Ethnic Groups in Iraq

Iraq, a country about the size of the U.S. state of California, is home to a number of different ethnic groups. In this lesson, we'll talk about the characteristics of Iraq's major ethnic groups, including their similarities and differences. We'll also cover a bit of history of how these groups formed.

Map of Iraq
map, Iraq, ethnic groups

Major Ethnic Groups

Before we discuss the three major ethnic groups in Iraq, we should note that there are a number of other ethnic groups present in the country. However, the three groups we'll discuss below account for the majority of Iraq's population. Arabs, Kurds and Turkmens are the three largest groups in the country.

Although there are differences among them, they share some common religious beliefs. For one thing, each group generally believes in Allah (God) and the Prophet Muhammad. Also, most members of these groups observe the holy month of Ramadan, which involves fasting during daylight hours.

There are also small populations of Yazidis, a small minority in Iraq, but one of the oldest peoples, and Assyrians, a minority descendant from Mesopotamia.

Let's talk a little bit more about the three major ethnic groups in Iraq.


Arabs are the largest ethnic group in Iraq and make up about 75-80% of the population. Arabic is also the official language of the country. (As an aside, Arab refers to a large ethnic group found in countries across the world whose primary language is Arabic. Although there are many cultural similarities, Arabs should not be considered a completely homogeneous group of people).

Arabs are descendants of Arabia, or the Arabian Peninsula, which today is comprised of the countries Saudi Arabia, Yemen, Oman, United Arab Emirates, Qatar, Bahrain, and Kuwait.

We can further differentiate this group by discussing Sunni Arabs and Shia Arabs. What distinguishes these two groups is religion: Sunni and Shia refer to different branches of the Islamic faith. Sunnis represent the majority of Muslims (those who practice some form of Islam) throughout the world. However, in Iraq, Shiite Muslims are the majority.

Although these two groups both practice Islam and have a number of things in common, there are important differences in their faith. The major difference between Shiites and Sunnis comes down to their belief in the successor of Muhammad. Additionally, Shiites also believe in worshiping or following religious leaders of their choice. These differences in religious belief explain some of the tension between Sunnis and Shiites in Iraq.

However, there are also political factors that have contributed to the conflict between the two groups. The Sunni minority ruled the country of Iraq beginning with the Ottoman Empire (which was founded by Turks). The Sunni ruled this territory well into the modern era, until 2003 when long-time ruler Saddam Hussein was removed from power.

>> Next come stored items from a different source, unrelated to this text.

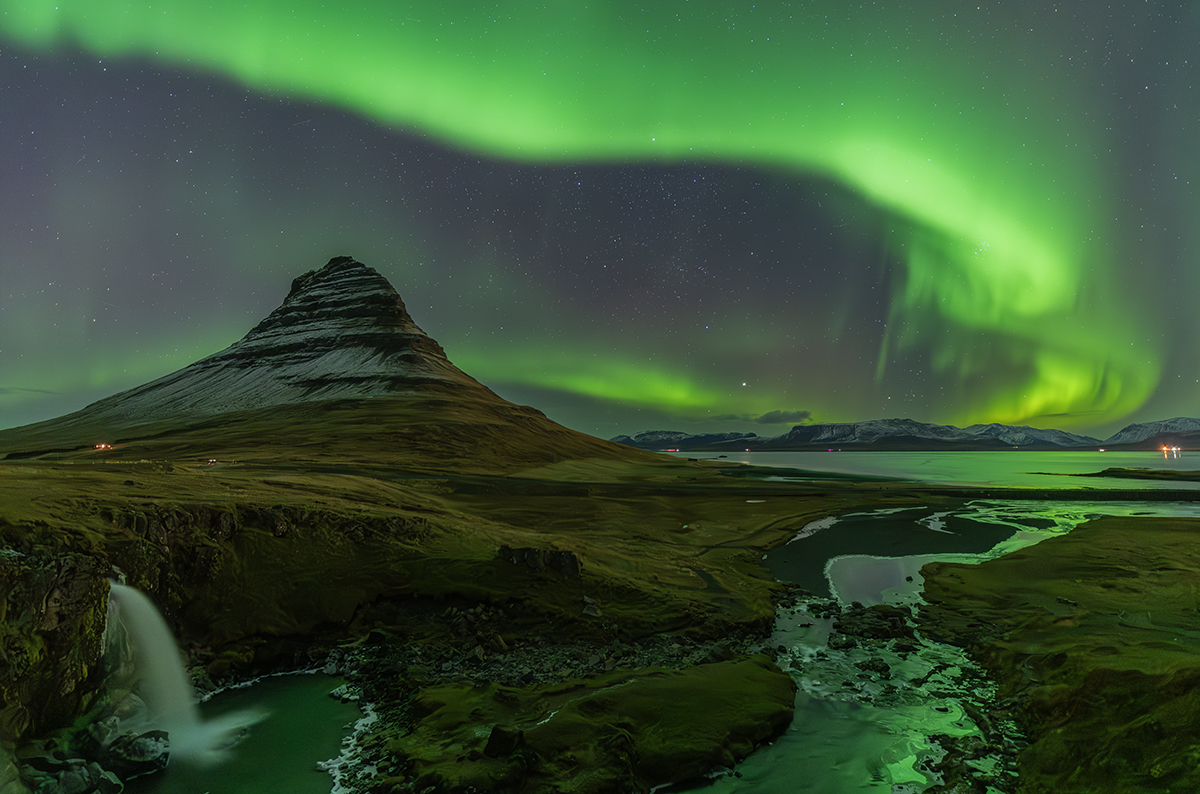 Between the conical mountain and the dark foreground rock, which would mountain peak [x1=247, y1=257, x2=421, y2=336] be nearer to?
the conical mountain

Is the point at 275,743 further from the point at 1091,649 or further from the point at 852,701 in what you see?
the point at 1091,649

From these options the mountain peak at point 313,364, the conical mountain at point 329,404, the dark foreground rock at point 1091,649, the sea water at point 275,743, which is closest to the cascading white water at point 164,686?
the sea water at point 275,743

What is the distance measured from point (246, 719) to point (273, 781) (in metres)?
3.40

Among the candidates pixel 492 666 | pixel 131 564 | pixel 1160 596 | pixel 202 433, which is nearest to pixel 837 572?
pixel 1160 596

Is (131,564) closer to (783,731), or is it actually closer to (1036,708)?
(783,731)

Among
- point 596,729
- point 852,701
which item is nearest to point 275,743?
point 596,729

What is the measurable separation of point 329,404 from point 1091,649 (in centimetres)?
13558

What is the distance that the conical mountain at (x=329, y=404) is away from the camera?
10200cm

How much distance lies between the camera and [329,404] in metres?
128

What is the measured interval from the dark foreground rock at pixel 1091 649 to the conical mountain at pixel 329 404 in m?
80.1

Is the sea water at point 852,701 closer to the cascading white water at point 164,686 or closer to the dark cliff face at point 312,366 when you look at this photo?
the cascading white water at point 164,686

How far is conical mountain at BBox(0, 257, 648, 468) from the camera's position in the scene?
10200cm

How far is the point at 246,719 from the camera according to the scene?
47.4 feet

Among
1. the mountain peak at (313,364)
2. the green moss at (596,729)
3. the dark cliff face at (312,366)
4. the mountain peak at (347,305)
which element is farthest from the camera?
the mountain peak at (347,305) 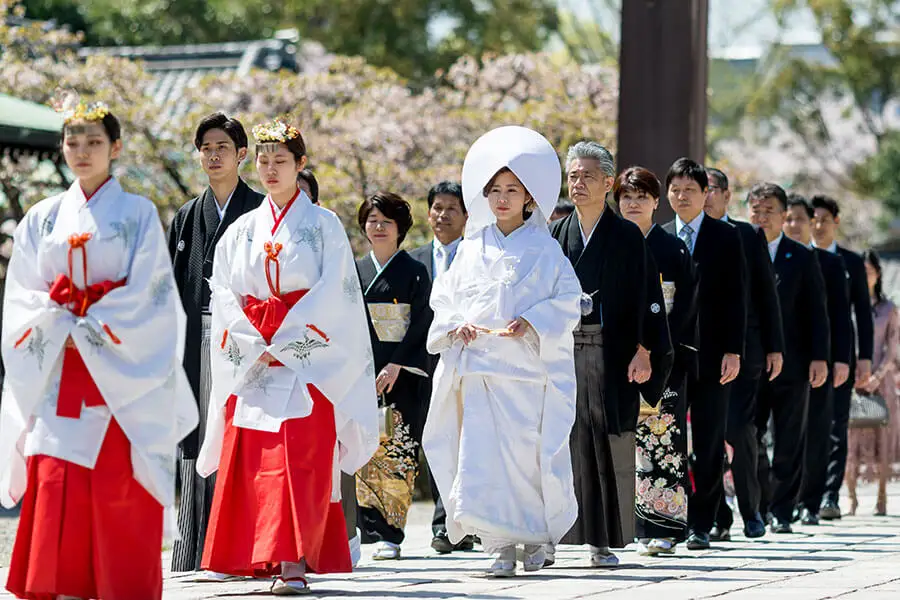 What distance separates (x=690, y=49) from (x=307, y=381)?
608 cm

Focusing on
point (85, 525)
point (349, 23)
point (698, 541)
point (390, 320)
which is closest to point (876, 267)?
point (698, 541)

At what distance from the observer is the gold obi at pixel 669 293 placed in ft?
30.1

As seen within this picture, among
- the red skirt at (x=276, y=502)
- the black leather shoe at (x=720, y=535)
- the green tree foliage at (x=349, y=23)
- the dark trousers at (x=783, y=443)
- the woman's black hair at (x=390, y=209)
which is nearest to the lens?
the red skirt at (x=276, y=502)

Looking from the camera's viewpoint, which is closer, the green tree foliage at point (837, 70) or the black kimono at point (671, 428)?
the black kimono at point (671, 428)

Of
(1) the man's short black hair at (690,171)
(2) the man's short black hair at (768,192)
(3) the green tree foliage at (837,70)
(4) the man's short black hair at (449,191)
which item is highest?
(3) the green tree foliage at (837,70)

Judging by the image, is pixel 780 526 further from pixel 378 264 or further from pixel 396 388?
pixel 378 264

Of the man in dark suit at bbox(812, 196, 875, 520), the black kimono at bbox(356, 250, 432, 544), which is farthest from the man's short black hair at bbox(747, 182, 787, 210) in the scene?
the black kimono at bbox(356, 250, 432, 544)

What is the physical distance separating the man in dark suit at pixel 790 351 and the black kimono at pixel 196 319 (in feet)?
13.7

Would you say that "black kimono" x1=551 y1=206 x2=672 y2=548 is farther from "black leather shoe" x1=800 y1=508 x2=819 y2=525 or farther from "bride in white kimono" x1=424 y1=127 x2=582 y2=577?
"black leather shoe" x1=800 y1=508 x2=819 y2=525

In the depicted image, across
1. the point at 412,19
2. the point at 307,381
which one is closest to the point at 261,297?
the point at 307,381

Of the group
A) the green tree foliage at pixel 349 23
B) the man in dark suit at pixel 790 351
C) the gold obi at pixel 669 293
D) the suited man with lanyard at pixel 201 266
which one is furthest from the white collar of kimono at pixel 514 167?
the green tree foliage at pixel 349 23

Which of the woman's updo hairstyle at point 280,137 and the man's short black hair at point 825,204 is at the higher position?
the man's short black hair at point 825,204

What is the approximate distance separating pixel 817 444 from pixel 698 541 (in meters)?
2.70

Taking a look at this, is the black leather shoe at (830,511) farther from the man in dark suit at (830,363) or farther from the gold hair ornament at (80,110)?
the gold hair ornament at (80,110) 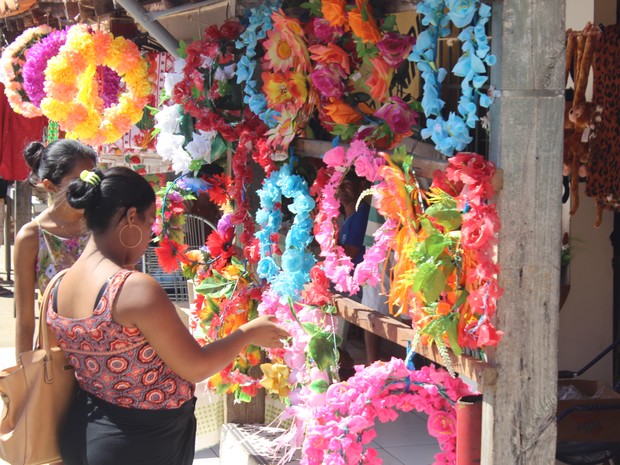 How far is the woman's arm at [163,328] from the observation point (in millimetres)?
2730

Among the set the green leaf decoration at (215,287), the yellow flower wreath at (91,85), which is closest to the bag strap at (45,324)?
the green leaf decoration at (215,287)

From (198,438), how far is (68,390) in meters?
2.43

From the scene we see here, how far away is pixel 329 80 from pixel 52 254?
1.49 m

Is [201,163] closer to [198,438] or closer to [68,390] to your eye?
[198,438]

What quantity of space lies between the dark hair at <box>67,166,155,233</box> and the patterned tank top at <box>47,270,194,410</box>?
0.23 m

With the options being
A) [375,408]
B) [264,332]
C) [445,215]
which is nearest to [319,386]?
[375,408]

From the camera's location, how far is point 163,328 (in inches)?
108

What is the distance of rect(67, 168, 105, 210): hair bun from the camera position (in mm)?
2936

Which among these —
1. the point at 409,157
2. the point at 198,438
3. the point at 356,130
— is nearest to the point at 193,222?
the point at 198,438

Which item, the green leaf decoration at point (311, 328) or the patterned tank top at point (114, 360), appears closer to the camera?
the patterned tank top at point (114, 360)

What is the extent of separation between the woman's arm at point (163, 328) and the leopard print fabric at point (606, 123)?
5.98ft

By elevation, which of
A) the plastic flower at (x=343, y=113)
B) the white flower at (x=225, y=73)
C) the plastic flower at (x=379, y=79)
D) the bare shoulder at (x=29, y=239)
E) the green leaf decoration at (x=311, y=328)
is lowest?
the green leaf decoration at (x=311, y=328)

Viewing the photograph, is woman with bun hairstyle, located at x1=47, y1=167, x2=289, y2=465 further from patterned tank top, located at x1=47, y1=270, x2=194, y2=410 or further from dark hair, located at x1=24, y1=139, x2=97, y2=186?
dark hair, located at x1=24, y1=139, x2=97, y2=186

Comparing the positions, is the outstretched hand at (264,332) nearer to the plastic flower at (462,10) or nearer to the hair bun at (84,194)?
the hair bun at (84,194) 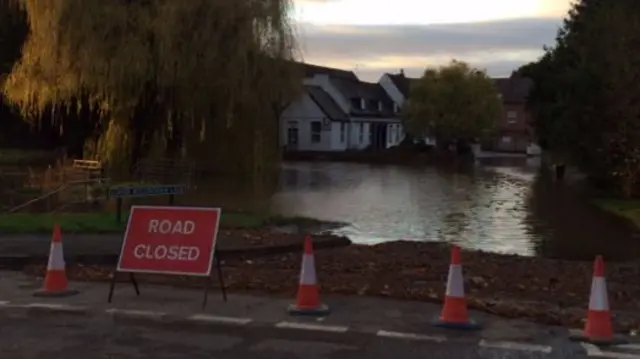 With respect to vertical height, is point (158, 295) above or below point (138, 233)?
below

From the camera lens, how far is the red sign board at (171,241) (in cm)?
A: 925

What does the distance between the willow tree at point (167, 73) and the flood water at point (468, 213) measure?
2975mm

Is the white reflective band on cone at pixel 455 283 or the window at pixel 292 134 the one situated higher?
the window at pixel 292 134

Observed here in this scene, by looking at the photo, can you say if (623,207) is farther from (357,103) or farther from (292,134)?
(357,103)

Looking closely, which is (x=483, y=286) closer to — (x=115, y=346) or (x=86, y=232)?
(x=115, y=346)

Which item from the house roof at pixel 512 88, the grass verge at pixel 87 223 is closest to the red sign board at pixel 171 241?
the grass verge at pixel 87 223

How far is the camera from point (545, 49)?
4675cm

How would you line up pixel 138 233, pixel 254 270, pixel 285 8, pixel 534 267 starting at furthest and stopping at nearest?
pixel 285 8 → pixel 534 267 → pixel 254 270 → pixel 138 233

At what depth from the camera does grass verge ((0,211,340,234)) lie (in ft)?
52.2

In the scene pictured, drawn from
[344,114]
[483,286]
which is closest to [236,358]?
[483,286]

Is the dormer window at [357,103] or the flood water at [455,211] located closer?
the flood water at [455,211]

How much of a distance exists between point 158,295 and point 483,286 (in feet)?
12.5

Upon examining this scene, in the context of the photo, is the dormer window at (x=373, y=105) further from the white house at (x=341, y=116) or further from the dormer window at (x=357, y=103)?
the dormer window at (x=357, y=103)

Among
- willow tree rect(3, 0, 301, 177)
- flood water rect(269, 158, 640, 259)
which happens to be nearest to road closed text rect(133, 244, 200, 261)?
flood water rect(269, 158, 640, 259) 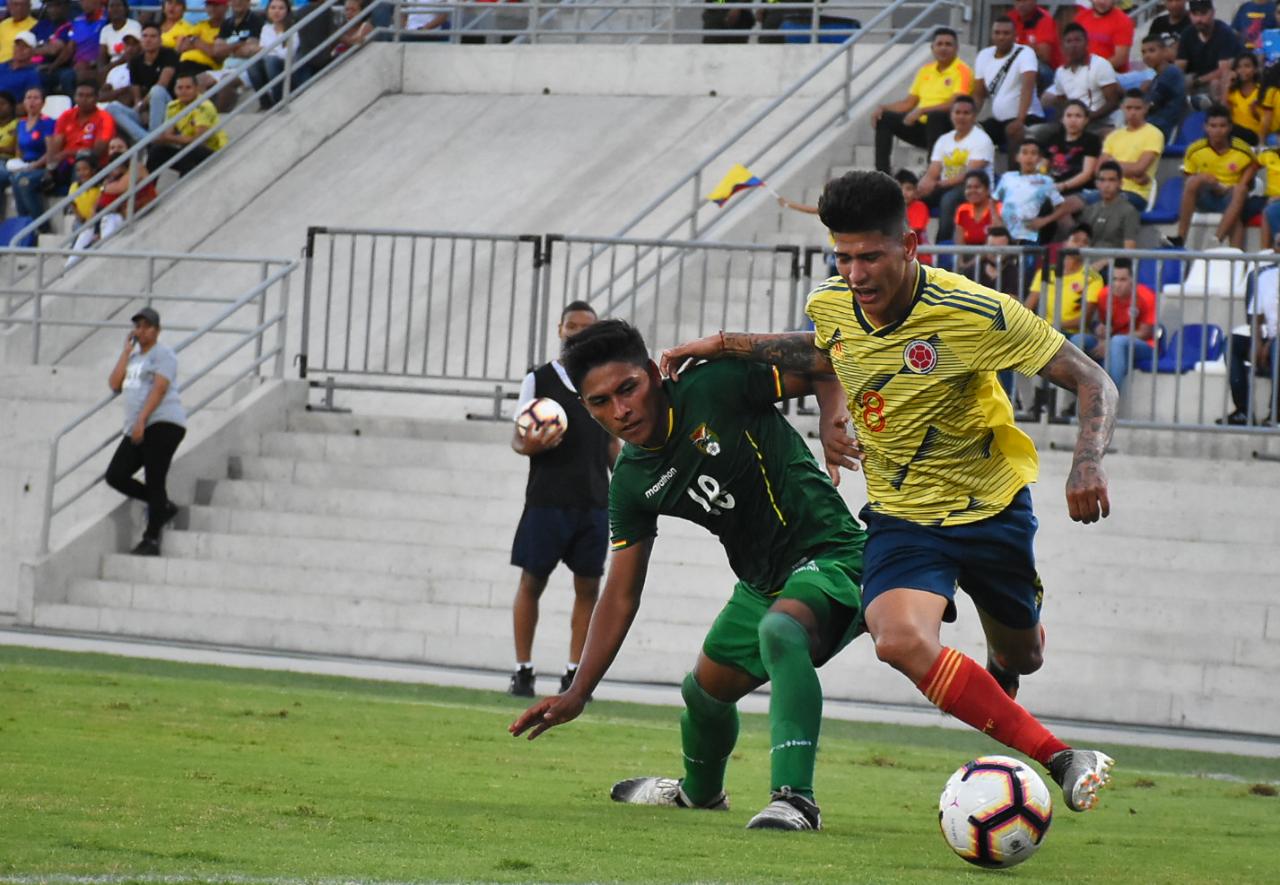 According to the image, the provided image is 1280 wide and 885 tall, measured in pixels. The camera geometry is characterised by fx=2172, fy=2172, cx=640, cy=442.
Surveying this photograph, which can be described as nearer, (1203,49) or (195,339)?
(195,339)

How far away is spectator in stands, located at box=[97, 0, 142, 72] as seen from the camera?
27.1 meters

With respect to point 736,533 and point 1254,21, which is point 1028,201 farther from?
point 736,533

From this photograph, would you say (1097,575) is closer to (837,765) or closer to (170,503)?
(837,765)

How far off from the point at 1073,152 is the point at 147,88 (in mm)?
12104

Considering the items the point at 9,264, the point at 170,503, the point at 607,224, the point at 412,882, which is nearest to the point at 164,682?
the point at 170,503

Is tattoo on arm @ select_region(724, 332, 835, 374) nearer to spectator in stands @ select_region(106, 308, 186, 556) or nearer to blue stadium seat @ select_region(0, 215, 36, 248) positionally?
spectator in stands @ select_region(106, 308, 186, 556)

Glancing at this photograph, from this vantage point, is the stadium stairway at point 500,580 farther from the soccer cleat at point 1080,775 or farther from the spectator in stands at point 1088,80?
the soccer cleat at point 1080,775

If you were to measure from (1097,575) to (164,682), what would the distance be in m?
6.44

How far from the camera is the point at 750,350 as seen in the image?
786cm

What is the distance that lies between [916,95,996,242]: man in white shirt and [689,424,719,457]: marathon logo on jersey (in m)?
11.5

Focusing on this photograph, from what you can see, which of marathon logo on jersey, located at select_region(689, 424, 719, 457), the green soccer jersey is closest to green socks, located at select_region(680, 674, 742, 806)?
the green soccer jersey

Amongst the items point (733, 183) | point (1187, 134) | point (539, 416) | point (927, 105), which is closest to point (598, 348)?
point (539, 416)

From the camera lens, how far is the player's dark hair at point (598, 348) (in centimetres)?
750

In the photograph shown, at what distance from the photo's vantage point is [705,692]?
8.22 m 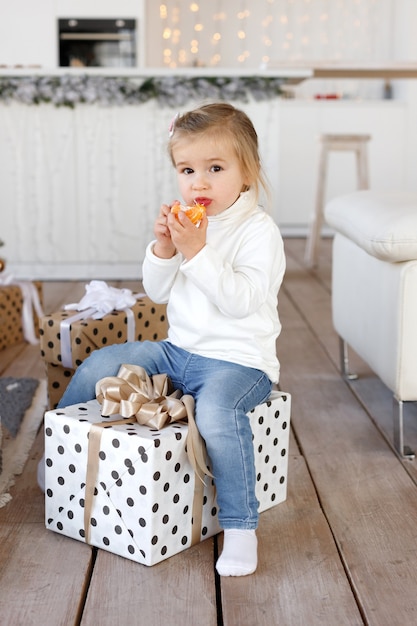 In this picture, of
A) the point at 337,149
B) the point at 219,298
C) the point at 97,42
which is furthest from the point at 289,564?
the point at 97,42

Kurds account for about 16% of Iraq's population. For the most part, Iraqi Kurds identity as Sunni Muslims, although Kurds are not considered Arabs. Rather, they have their own language, Kurdish, and culture, though they are largely practicing Muslims. The Kurdish people are not descendants of Arabia, but rather from Iran and other parts of the Middle East.

When the Ottoman Empire was conquered by the British in 1918, the Kurdish population came under the control of the newly installed British colonial power. Later on, when Saddam Hussein came to power in the country, he launched a series of violent campaigns targeting the Kurdish minority population.

Eventually, after much violence and political upheaval, the Kurds in Iraq were granted autonomy. Today, the constitution of Iraq recognizes Kurdistan as an official territory. Generally speaking, Kurdistan is less volatile than many parts of Iraq.